The telegram also stated that Quinn cited three incidents of reaction to attempts by the Khmer Rouge to relocate the population. “In early 1973, when the CPK entered the harsh phase of its campaign, in which all rules were enforced, almost all popular feeling turned against them.”
Ben Kiernan also conducted an interview, read next by the prosecutor, with Tan Hao, an ethnically Chinese person living in Cambodia at the time of the revolution. She recounted how in 1973 the Vietnamese were told to go back to their country and were not seen again. In 1974, she said, the hard times began: “People were taken away and told they were going to study. It got harder and harder, the Khmer Rouge began killing people. People who did anything wrong were taken away and shot.”

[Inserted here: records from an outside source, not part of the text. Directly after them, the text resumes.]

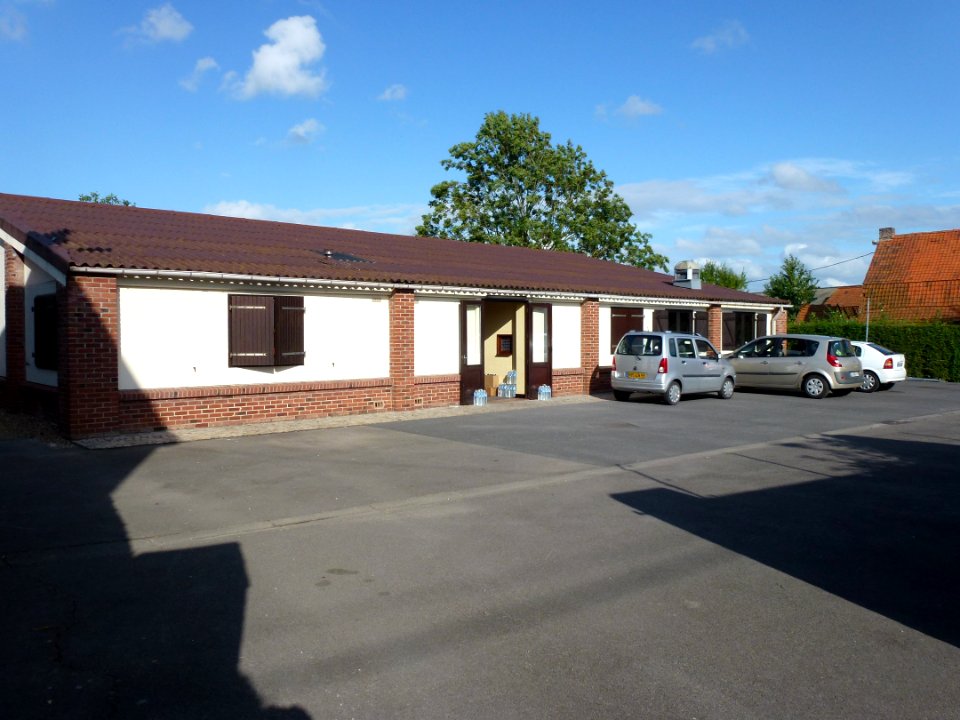 Lynde (Nord, Fr) salle des fêtes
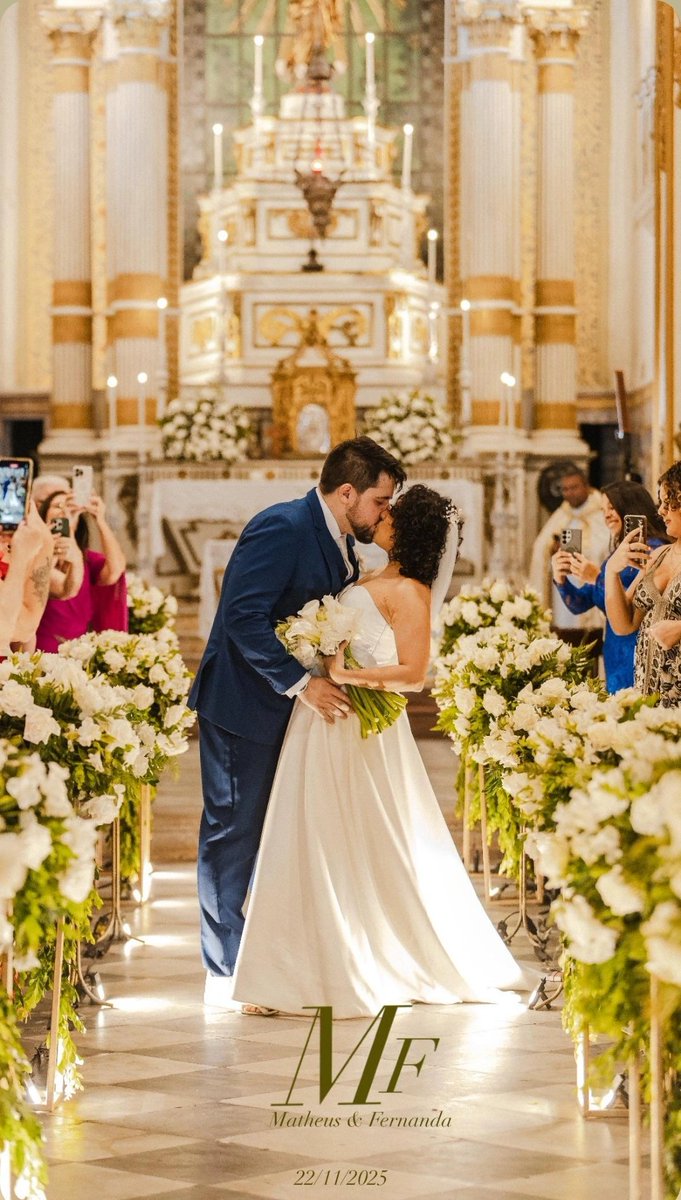 teusimoni's tweet image. casei com uma mocinha que conheci no twitter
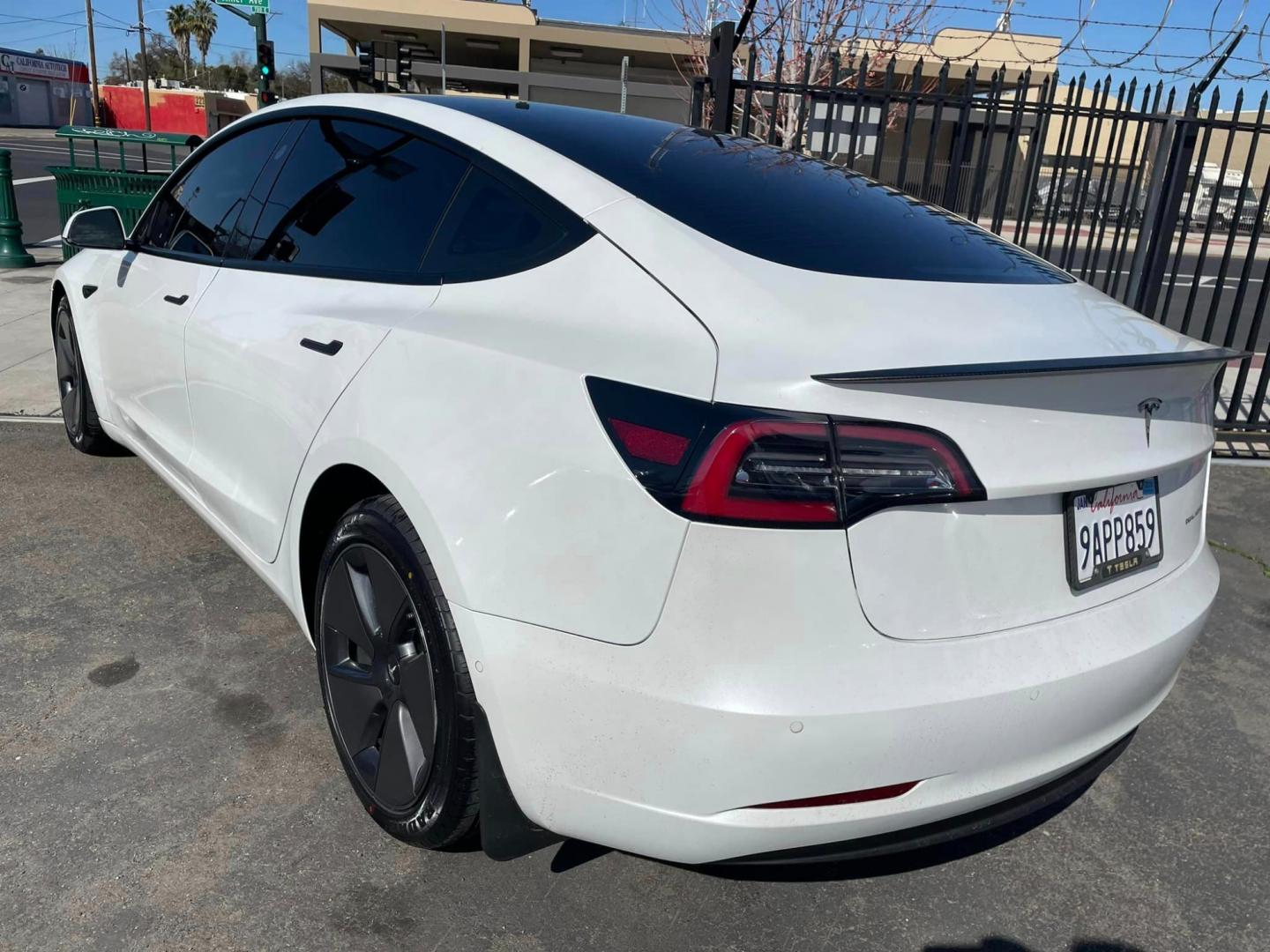 2021 WHITE /BLACK Tesla Model 3 Long Range (5YJ3E1EB8MF) with an ELECTRIC engine, 1A transmission, located at 744 E Miner Ave, Stockton, CA, 95202, (209) 944-5770, 37.956863, -121.282082 - PLUS TAXES AND FEES - Photo#8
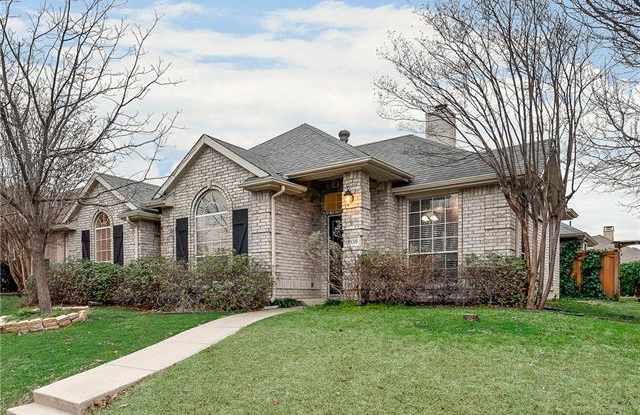 9939 Cambridge Drive Gallery 4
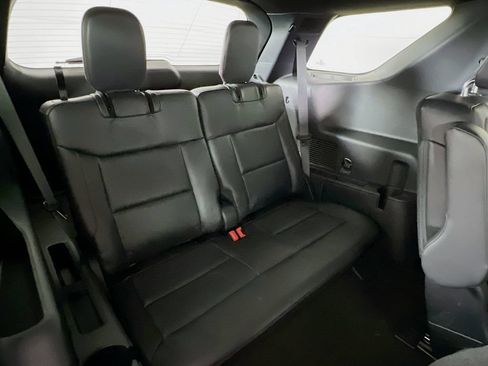 New 2026 Ford Explorer ST-Line w/ ST-Line Street Pack AWD/4WD image 17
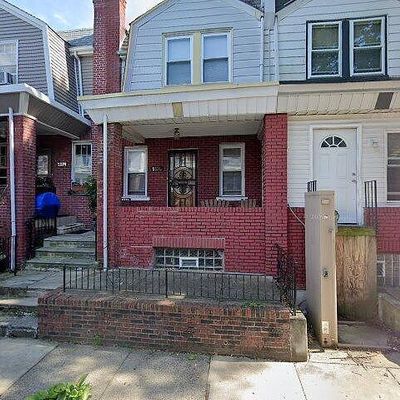 1534 Kinsdale St, Philadelphia, PA 19126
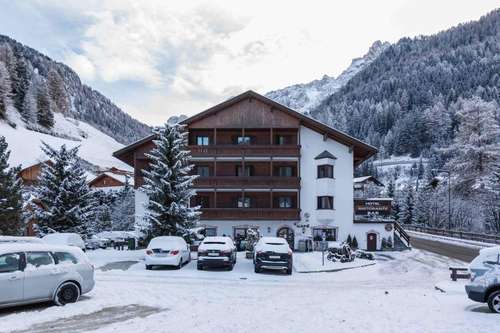 www.hotelalpinhaus.com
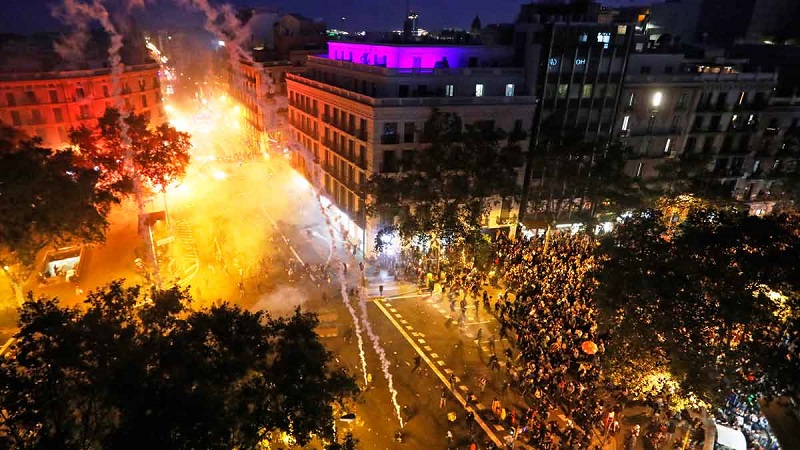 Crónica de un joven argentino en el otoño caliente catalán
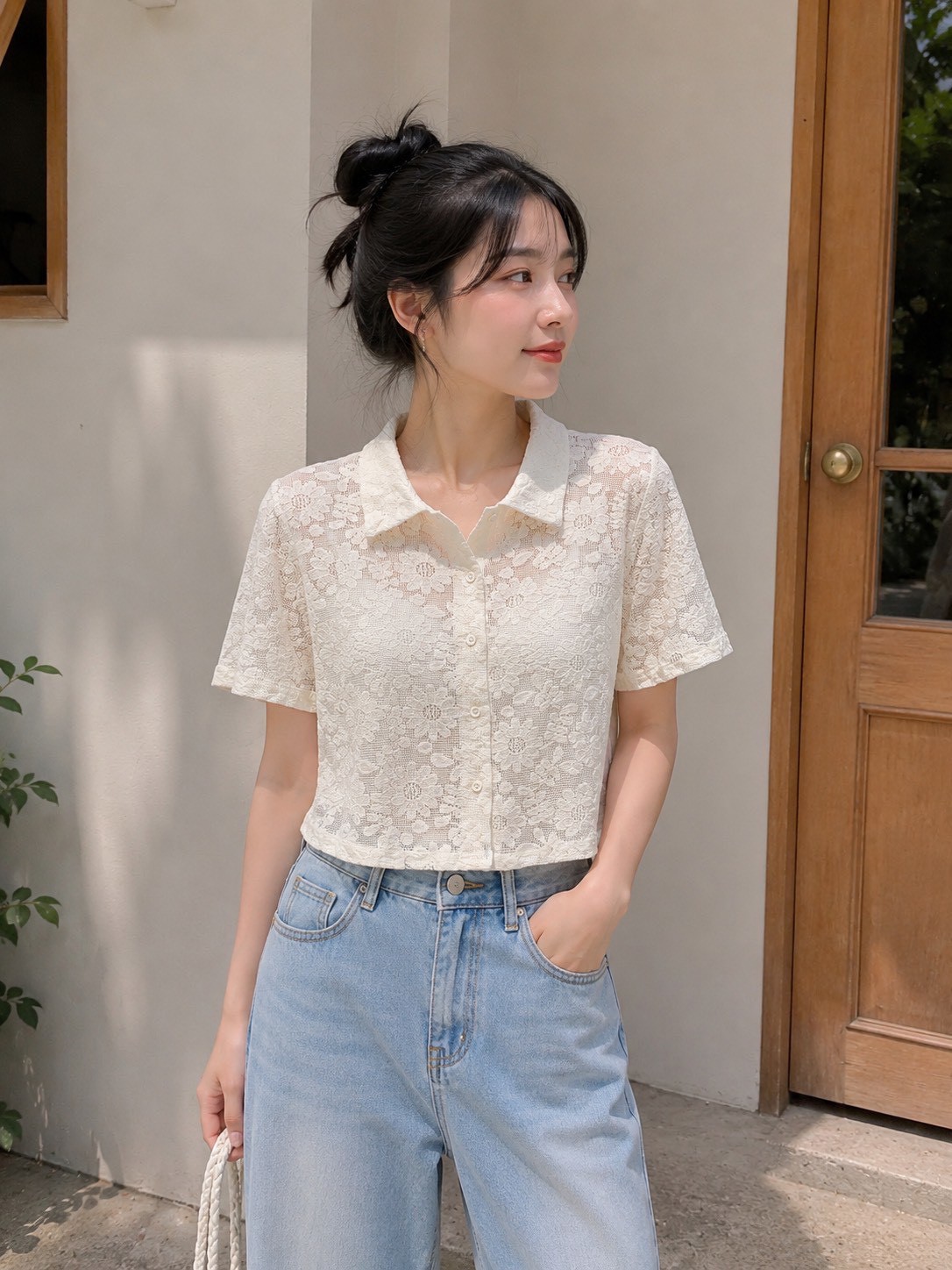 雛菊刺繡微透膚短版襯衫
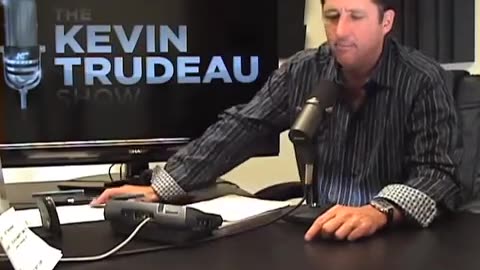 Kevin Trudeau - Laurence of Arabia, Charlie Wilson's War, Next Fuel Source: 3-3-10 - Part 6 of 8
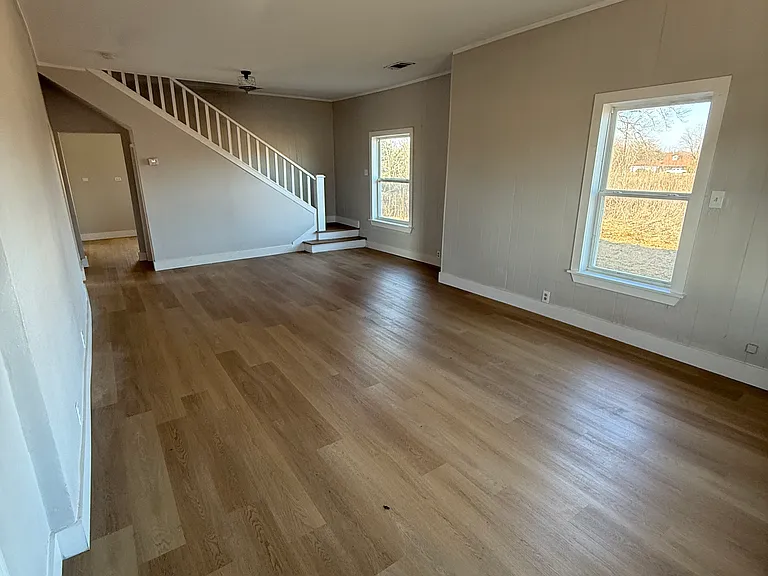 1500 S Patterson St — Photo 2
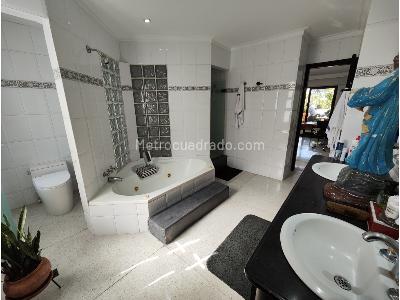 Apartamento en venta en Laureles, Medellín · foto 10 de 13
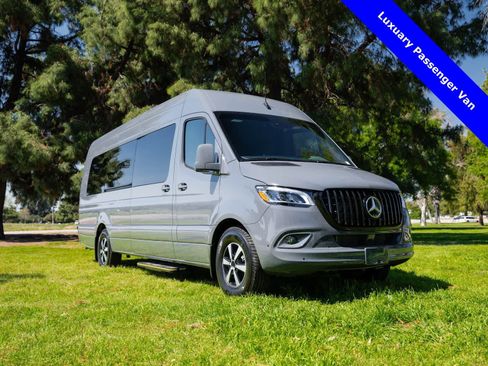 Used 2024 Mercedes-Benz Sprinter 2500 image 23
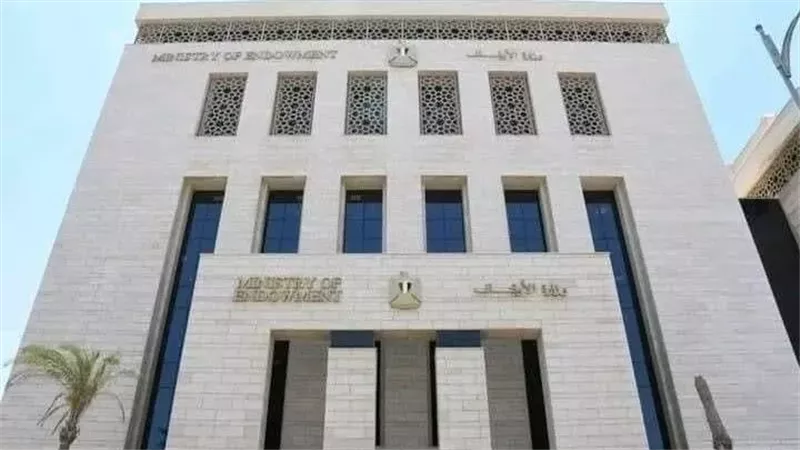 وزير الأوقاف يهدي الكتب المقررة للدارسين بالمراكز الثقافية ومراكز تحفيظ القرآن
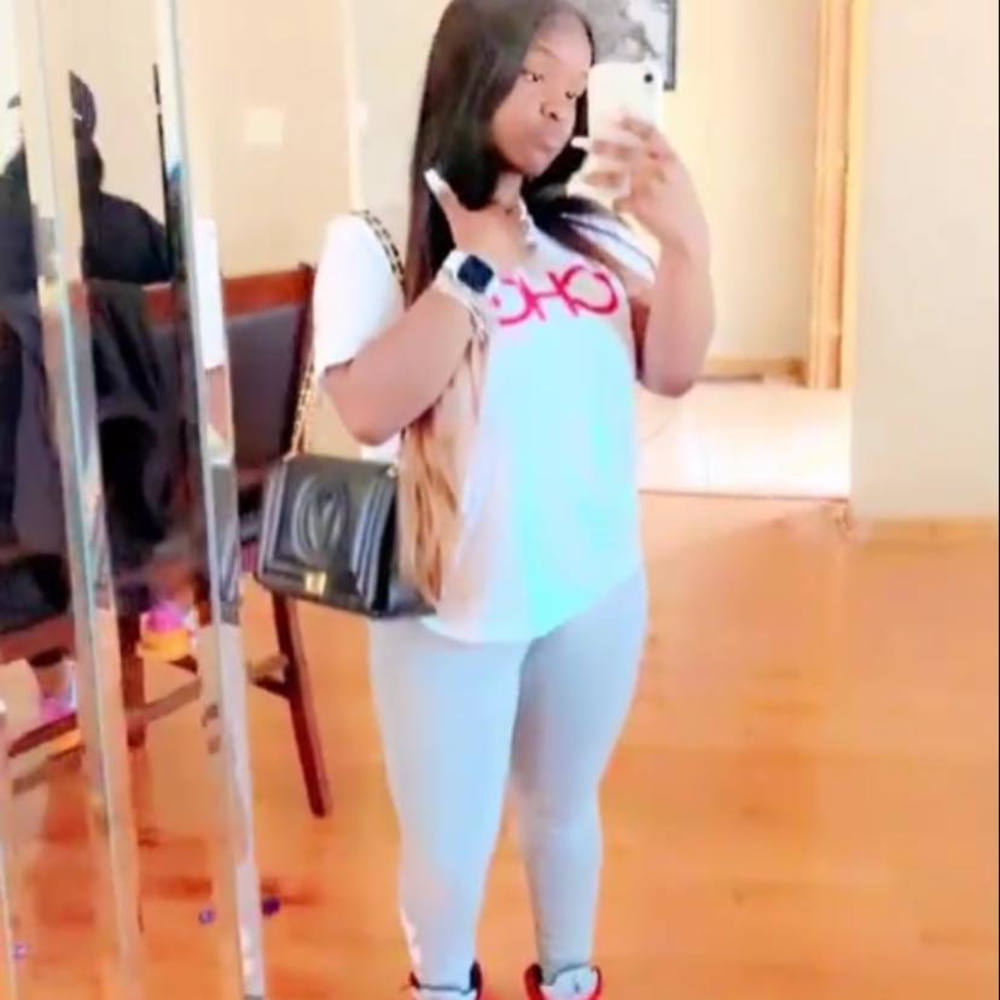 Meet your Posher, Lavish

According to Mr. Kiernan in this writing, it was only in mid-1974 that the Eastern Zone began to exhibit the patterns that had been seen elsewhere. In August 1971 cadres were invited for a study course. One of them, Hem Samin,[4] recalled to Mr. Kiernan how they were lectured and then informed that they were now in detention, “until the organization came up with a solution so that we could go back to work. “ Of those arrested 10 disappeared and 61 were sent out to work in fields under supervision. Six of them survived, while hundreds of others were executed.
An extract from Mr. Kiernan’s book was read to the court by Mr. Raynor, in which it was claimed that the U.S. bombing provided a reason for the Khmer Rouge to evacuate towns, and this evacuation then provided them with a precedent from which they could push further ahead in order to mobilize the population for military communism. Thus, “the revolution was a product of and capitalization on the U.S. war.”
At this stage, Mr. Raynor changed the subject to the evacuation of Udong Province. Still citing Mr. Kiernan, he quoted how on March 18, 1974, which was the fourth anniversary of Sihanouk’s deposition, a combined force led by Ta Mok overran the former capital of Udong. A few months later Donald Kirk, a journalist, had investigated the aftermath of this Khmer Rouge victory. Mr. Kirk had documented how the population had been taken into the jungle where all teachers and government employees had been killed. Subsequently much of the city had been razed to the ground.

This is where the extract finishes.